Caption-style text data
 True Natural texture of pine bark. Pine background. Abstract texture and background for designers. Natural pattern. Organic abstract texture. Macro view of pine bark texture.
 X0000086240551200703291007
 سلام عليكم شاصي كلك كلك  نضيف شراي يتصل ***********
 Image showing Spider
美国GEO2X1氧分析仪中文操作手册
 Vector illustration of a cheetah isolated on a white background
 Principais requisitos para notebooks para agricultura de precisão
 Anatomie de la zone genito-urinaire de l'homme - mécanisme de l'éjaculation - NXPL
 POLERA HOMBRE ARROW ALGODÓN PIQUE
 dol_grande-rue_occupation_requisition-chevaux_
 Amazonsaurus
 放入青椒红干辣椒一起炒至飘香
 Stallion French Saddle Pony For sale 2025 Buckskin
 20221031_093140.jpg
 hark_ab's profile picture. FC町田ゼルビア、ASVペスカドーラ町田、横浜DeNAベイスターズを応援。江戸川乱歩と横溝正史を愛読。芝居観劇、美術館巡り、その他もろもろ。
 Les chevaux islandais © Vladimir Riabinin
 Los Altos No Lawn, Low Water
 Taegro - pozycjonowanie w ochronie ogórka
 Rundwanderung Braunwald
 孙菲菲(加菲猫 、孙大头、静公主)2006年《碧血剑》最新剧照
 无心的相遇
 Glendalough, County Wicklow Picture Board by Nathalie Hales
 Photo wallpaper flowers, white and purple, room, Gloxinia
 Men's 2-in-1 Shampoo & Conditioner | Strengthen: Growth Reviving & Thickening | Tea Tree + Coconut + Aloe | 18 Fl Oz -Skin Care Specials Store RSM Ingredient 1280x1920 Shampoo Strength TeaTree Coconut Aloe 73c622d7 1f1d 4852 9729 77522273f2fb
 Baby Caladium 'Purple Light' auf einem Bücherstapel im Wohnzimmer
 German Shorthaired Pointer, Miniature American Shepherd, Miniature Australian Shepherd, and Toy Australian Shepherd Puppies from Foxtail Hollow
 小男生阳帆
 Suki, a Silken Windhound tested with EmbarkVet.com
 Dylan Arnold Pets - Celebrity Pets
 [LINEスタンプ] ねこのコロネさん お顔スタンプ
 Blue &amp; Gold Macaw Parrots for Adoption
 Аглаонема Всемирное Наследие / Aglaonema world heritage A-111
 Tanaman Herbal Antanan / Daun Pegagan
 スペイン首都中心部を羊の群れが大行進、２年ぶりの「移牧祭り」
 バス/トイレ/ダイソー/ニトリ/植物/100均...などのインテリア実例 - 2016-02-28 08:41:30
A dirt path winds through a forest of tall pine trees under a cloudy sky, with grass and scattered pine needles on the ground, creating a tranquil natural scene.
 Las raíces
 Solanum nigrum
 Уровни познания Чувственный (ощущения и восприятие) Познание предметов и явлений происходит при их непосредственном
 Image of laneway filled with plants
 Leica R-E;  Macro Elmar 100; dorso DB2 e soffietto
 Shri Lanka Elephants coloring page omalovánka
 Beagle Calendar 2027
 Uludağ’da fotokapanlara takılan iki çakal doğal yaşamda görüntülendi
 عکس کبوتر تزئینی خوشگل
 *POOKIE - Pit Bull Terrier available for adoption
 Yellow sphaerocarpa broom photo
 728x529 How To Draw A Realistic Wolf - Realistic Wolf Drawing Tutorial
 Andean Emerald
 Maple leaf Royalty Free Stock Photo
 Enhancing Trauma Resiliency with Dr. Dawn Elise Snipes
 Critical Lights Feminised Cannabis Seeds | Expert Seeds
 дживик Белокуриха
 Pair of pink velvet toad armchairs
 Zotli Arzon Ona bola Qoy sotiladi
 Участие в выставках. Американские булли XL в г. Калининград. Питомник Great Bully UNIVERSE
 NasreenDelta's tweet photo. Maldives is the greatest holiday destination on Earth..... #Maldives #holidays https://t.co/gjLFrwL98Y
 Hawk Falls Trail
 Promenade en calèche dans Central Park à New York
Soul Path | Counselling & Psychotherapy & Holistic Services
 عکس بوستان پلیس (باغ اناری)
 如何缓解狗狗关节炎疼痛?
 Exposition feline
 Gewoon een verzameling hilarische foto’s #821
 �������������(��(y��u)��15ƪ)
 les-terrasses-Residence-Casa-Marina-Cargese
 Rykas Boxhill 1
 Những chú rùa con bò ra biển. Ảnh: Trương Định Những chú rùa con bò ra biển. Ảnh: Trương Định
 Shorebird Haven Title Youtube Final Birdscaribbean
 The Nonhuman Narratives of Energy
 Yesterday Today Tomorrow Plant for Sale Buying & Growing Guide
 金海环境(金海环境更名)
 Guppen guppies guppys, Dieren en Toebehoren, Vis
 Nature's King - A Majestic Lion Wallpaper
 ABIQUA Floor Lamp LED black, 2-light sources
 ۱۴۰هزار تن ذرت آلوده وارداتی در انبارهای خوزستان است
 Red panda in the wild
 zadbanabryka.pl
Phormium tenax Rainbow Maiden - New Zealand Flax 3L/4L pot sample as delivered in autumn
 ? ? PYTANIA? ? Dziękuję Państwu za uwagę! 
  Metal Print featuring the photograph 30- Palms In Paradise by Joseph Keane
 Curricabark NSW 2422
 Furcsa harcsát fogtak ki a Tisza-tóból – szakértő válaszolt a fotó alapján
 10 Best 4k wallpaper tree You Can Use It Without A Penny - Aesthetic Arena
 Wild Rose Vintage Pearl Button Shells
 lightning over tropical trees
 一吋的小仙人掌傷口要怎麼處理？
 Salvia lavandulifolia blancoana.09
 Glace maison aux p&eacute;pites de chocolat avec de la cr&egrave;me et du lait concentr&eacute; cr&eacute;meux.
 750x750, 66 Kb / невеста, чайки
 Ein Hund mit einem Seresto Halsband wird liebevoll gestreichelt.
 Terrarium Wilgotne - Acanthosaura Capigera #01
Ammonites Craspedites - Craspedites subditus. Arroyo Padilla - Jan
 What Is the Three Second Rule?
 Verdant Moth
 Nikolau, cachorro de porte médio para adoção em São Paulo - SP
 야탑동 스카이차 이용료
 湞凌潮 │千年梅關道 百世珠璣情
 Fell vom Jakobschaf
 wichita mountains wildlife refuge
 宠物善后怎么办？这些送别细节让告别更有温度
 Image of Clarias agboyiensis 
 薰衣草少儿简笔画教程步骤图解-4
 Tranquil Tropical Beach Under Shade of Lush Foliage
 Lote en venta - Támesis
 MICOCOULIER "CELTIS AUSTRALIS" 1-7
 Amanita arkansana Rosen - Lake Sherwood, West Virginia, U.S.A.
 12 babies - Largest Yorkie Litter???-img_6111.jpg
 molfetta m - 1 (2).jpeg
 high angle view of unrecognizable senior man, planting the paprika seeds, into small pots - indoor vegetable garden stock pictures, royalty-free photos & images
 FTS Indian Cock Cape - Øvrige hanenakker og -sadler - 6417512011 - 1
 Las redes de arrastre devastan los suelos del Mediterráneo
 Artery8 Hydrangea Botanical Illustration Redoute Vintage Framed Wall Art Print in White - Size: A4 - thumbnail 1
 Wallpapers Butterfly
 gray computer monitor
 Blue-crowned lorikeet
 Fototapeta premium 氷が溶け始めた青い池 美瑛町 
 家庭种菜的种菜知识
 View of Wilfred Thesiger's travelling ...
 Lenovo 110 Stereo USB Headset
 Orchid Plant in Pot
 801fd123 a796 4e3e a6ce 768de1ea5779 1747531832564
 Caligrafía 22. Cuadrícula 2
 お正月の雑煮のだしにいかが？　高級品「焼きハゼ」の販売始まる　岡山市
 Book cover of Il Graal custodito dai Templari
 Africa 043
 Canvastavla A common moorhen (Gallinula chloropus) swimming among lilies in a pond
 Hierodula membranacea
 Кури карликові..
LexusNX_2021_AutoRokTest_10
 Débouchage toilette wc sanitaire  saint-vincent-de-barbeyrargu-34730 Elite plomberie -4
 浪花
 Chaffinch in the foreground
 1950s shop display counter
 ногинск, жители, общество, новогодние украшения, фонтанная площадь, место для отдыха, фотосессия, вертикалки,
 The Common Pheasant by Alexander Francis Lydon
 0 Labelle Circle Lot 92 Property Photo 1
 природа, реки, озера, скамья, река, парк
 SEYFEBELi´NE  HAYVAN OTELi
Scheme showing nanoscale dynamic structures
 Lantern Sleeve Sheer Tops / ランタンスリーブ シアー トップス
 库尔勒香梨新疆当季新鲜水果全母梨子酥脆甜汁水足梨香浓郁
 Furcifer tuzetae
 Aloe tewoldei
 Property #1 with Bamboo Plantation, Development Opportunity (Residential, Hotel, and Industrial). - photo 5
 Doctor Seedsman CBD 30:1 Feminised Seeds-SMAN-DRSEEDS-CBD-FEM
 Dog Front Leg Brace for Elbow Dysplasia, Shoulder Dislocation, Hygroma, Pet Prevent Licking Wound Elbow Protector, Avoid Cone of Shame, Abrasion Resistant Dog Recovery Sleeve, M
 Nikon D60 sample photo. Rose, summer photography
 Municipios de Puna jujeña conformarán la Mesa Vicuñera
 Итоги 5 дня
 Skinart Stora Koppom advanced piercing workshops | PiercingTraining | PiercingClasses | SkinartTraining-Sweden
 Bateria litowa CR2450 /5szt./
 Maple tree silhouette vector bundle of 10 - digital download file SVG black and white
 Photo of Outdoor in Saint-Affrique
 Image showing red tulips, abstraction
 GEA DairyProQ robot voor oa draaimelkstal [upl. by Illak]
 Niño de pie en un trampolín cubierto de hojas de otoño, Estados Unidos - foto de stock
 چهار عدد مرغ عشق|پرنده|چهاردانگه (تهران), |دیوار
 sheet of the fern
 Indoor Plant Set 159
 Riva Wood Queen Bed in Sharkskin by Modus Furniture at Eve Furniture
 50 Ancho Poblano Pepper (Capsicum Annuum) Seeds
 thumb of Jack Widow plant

◆ Try it:
Retype only this portion of the data above: the line containing "Rundwanderung Braunwald", the line containing "Baby Caladium 'Purple", and all lines between them, exactly.

◆ Task result:
 Rundwanderung Braunwald
 孙菲菲(加菲猫 、孙大头、静公主)2006年《碧血剑》最新剧照
 无心的相遇
 Glendalough, County Wicklow Picture Board by Nathalie Hales
 Photo wallpaper flowers, white and purple, room, Gloxinia
 Men's 2-in-1 Shampoo & Conditioner | Strengthen: Growth Reviving & Thickening | Tea Tree + Coconut + Aloe | 18 Fl Oz -Skin Care Specials Store RSM Ingredient 1280x1920 Shampoo Strength TeaTree Coconut Aloe 73c622d7 1f1d 4852 9729 77522273f2fb
 Baby Caladium 'Purple Light' auf einem Bücherstapel im Wohnzimmer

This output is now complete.